PROVIDED MATERIAL below:

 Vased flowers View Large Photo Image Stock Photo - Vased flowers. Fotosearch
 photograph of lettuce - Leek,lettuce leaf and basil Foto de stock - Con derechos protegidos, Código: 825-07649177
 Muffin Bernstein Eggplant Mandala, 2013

End of PROVIDED MATERIAL.
PROVIDED MATERIAL below:

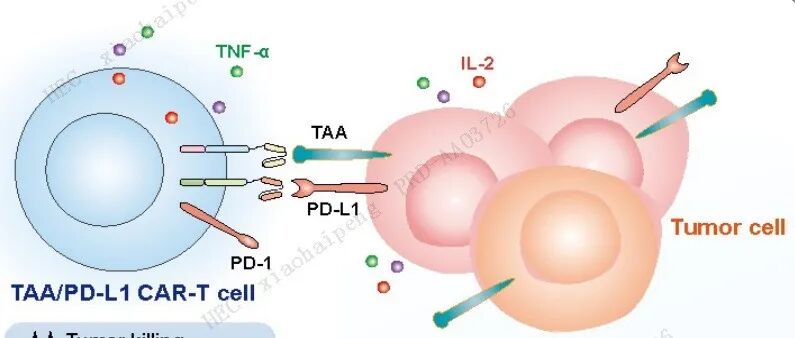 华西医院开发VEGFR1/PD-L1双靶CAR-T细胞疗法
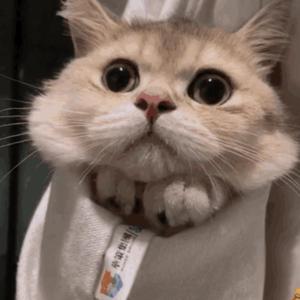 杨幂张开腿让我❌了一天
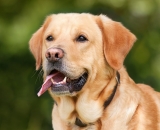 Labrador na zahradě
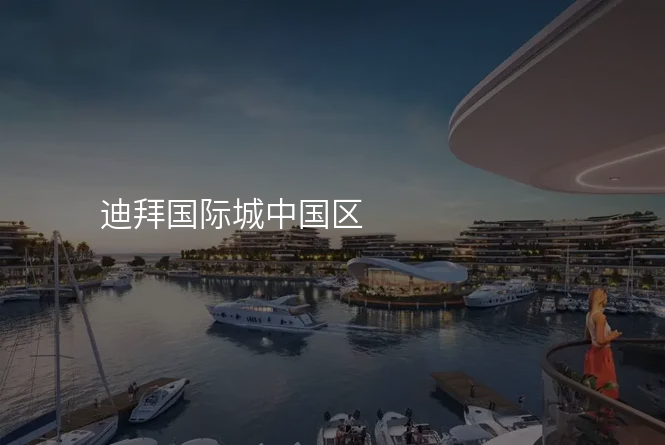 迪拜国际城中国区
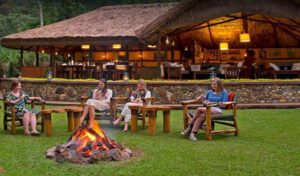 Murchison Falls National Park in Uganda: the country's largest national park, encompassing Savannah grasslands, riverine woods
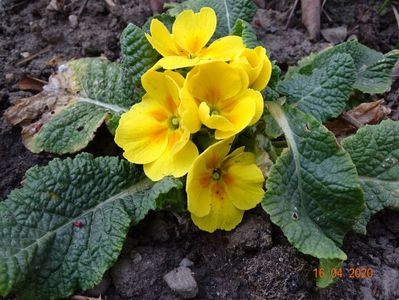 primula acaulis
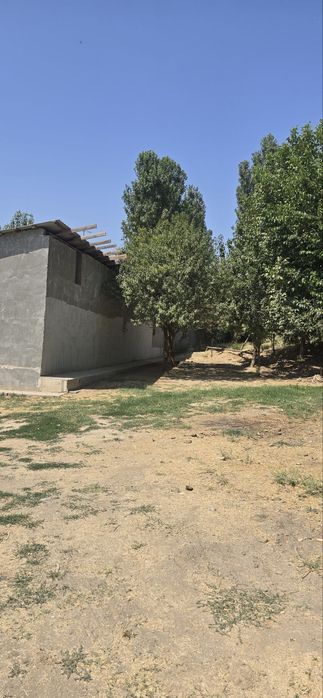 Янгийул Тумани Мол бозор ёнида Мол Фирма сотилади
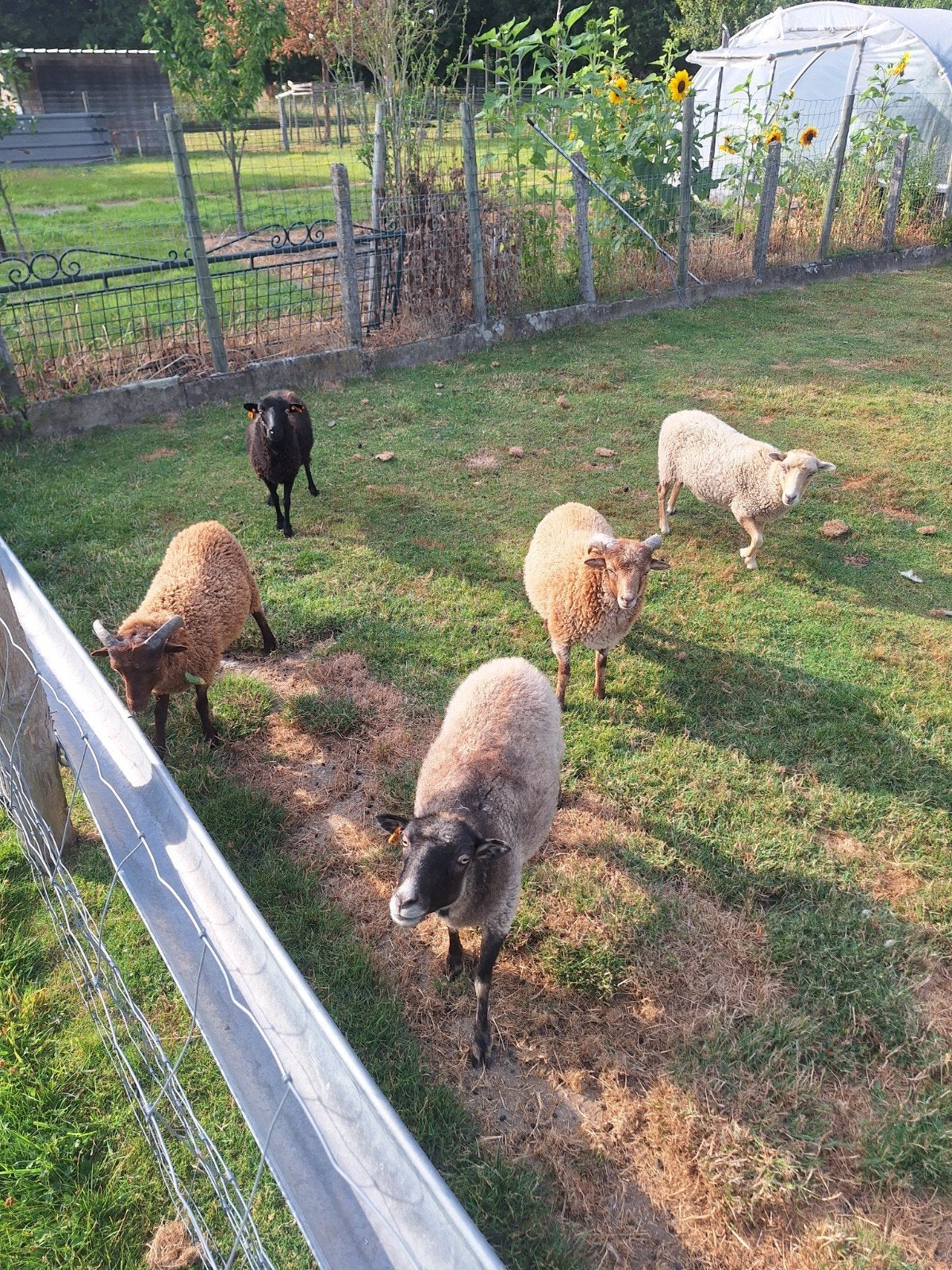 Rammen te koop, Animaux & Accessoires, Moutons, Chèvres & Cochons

End of PROVIDED MATERIAL.
PROVIDED MATERIAL below:

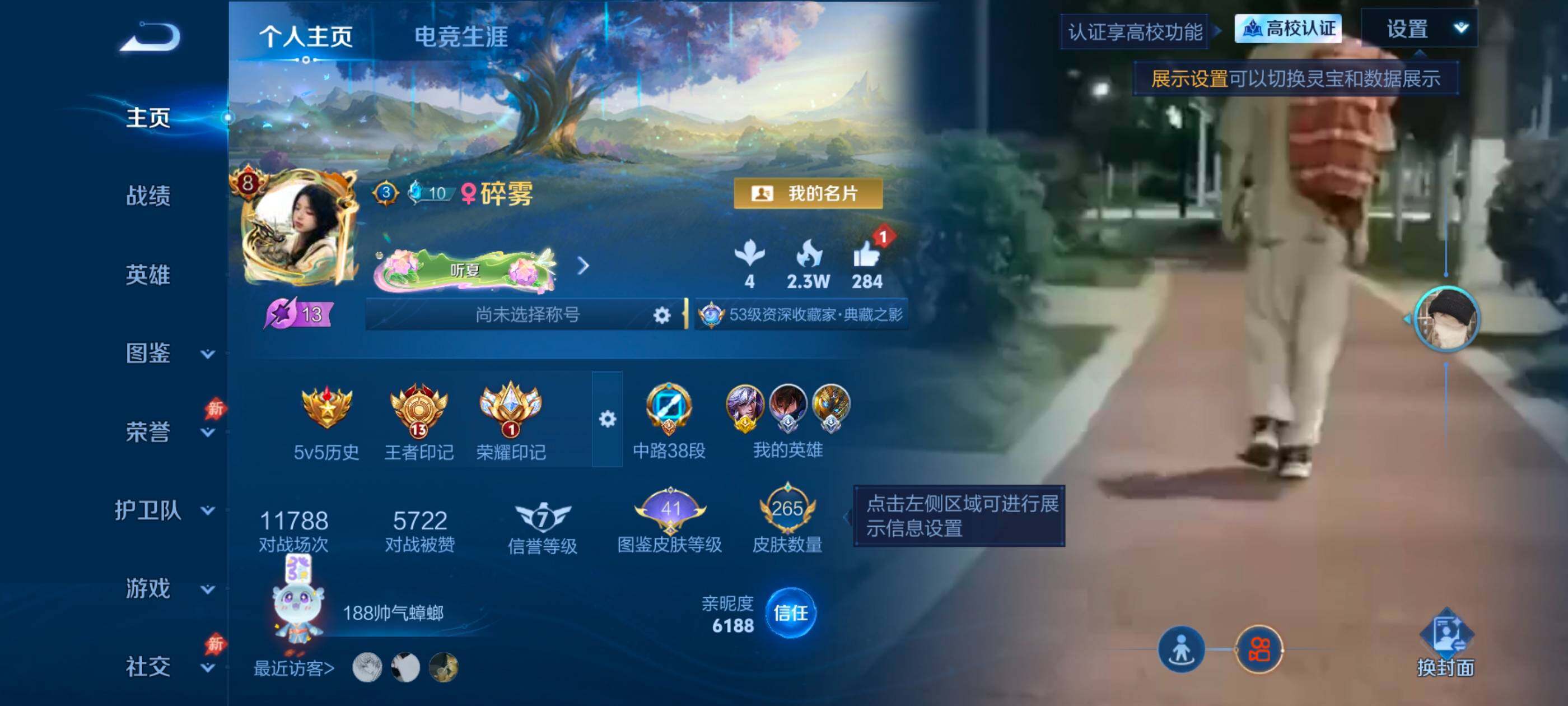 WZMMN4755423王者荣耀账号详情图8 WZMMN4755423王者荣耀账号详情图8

End of PROVIDED MATERIAL.

• [TO DO]: Your answer must be the lines above from the one holding "Murchison Falls National" up to and including the one holding "Rammen te koop, Animaux", exact and with no pictures.

• [RESPONSE AREA]:
 Murchison Falls National Park in Uganda: the country's largest national park, encompassing Savannah grasslands, riverine woods
 primula acaulis
 Янгийул Тумани Мол бозор ёнида Мол Фирма сотилади
 Rammen te koop, Animaux & Accessoires, Moutons, Chèvres & Cochons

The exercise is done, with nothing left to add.